Cognition & Reality

Wednesday, 12 January 2011

Louis Aggasiz & The White Man’s Burden

Filed under: Uncategorized — drtone @ 2:58 pm

Take up the White Man’s burden–
Send forth the best ye breed–
Go bind your sons to exile
To serve your captives’ need;
To wait in heavy harness,
On fluttered folk and wild–
Your new-caught, sullen peoples,
Half-devil and half-child.

From “The White Man’s Burden,” by Rudyard Kipling

A few daze ago, I mentioned the former “scientific consensus” around the relative development of the so-called human “races,” placing members of the “White” race on top. At the time this belief was forming and being promulgated, the latter half of the nineteenth century, White men had more or less finished conquering the world, and were naturally looking for justification they needed for the various crimes they had committed in doing so.

And crimes they had committed. The British, for example, fought two wars with the Chinese in order to secure the right to distribute opium in China, and they cruelly put down the so-called Indian Mutiny. Americans were struggling with the role slavery played in the development of the United States, and they were engaged in a decades-long war of extermination against Native Americans. In 1899, Kipling wrote the poem excerpted above to encourage Americans in brutal war they were prosecuting against Filipino guerrillas fighting for their independence. Every major power on the European continent occupied colonies, enslaving the indigenous people and making away with the natural riches in the lands they conquered. Millions of words have been written on the subject, but let us just say that, consciously and unconsciously, Whites looked for a way to frame their greed and killing as other than what it was.

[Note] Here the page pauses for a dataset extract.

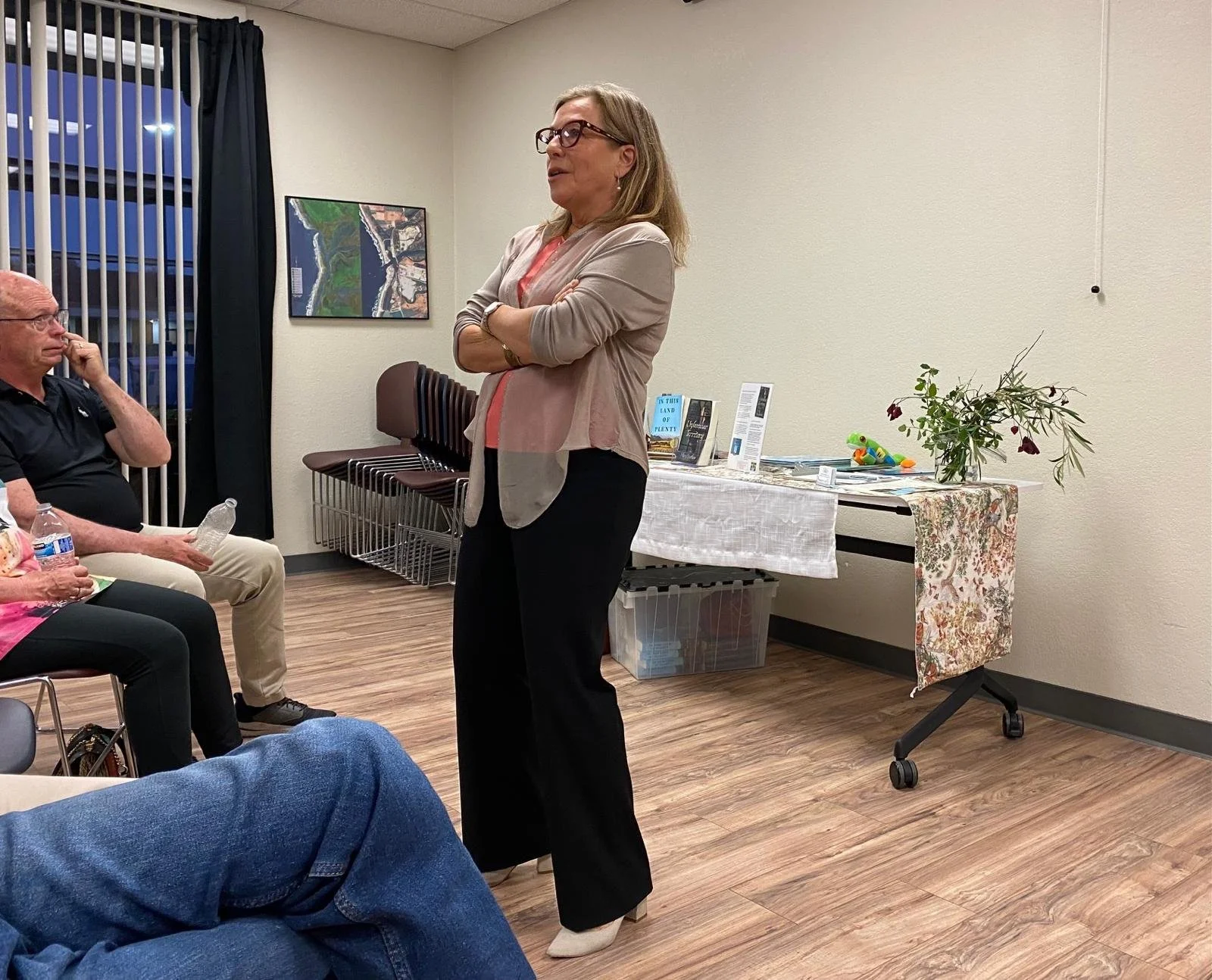 Prunedale Library Event on California Novels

They therefore construed their otherwise inexcusable behavior as a campaign to “civilize” the inferior “colored races.” In order for such a construct to fly, there had to be a way to prove that what they were bringing in the form of “civilization” was indeed higher and better than the cultures they were systematically displacing. Furthermore, they needed to demonstrate to their own satisfaction they they themselves were higher and better than the people they were destroying…er, civilizing.

Enter Louis Aggasiz, the Swiss-American who was perhaps the leading naturalist on this side of the Atlantic. Science as we know it was relatively new in the middle of the nineteenth century, and men of science–they were all men, of course–could achieve a celebrity status that is hard to fathom from our perspective. Aggasiz, who practically invented the study of glaciation and was the foremost ichthyologist of his day, was the chief naturalist at Harvard, and among the most famous, celebrated men in the United States. He was perhaps the most beloved member of a circle that included, among others, Henry Wadsworth Longfellow,  Ralph Waldo Emerson, Nathaniel Hawthorne, James Russell Lowell, Oliver Wendell Holmes, Sr.,, and Charles Sumner, America’s leading abolitionist,among  the brightest lights in the growing nation’s intellectual firmament. Although the political spectrum had a different shape in the 1850s, these  forward-looking, open-minded men might code as “progressive” or “liberal” in today’s terms.

Nevertheless, because his ideas confirmed the role of the While man as conservator and custodian of the Black man, Aggasiz’s lectures on race were popular with slaveholders. Agassiz, who opposed Darwin’s theories, believed that the different races of men were placed on earth separately by God. Through an intellectual move, called “polygenism,” that seems absurd to us, Whites were designated as unrelated to members of the “colored races,”and naturally superior to them. Although the association of Aggasiz with these beliefs has, in more recent times, precipitated the removal of his name from many places and things, it was put there originally because of the great esteem in which he was once held.

The scientific racism typified by Aggasiz’s ideas would resonate for generations. Had a vote been taken among anthropologists and geneticists in, say, 1930 on whether Whites are superior to Blacks, there can be little doubt that the outcome would have been overwhelmingly in favor of White superiority. Although attitudes turned away, after World War II,  from constructs associated with the Nazis, had the same vote been taken in 1950, the majority would probably still have favored White superiority. They would also have been clear in endorsing the intellectual superiority of men over women. Remember, with exactly enough exceptions to prove the rule, all scientists were White men.

Fortunately, neither science nor the truth science seeks is, in the final analysis, subject to a vote. Sadly, when it comes to debate on current issues, such as climate change, this undeniable proposition has become a talking point of the Right. Sometimes, leading scientists, to great acclaim, present ideas that become objects of ridicule, and worse, when measured against the standards of  a later time. Into this category had already fallen, by the time it became the premise of a major motion picture, the projection that the Greenhouse Effect would produce disastrous changes in the course and intensity of the Gulf Stream. Kooky generalizations, based firmly in science, often become the currency of political discourse and popular belief, as was true of scientific racism’s role in controversies regarding slavery, colonialism, and segregation. Whether a current set of scientific constructs is valid or not, it’s bad for science and it’s bad for politics when the two mix.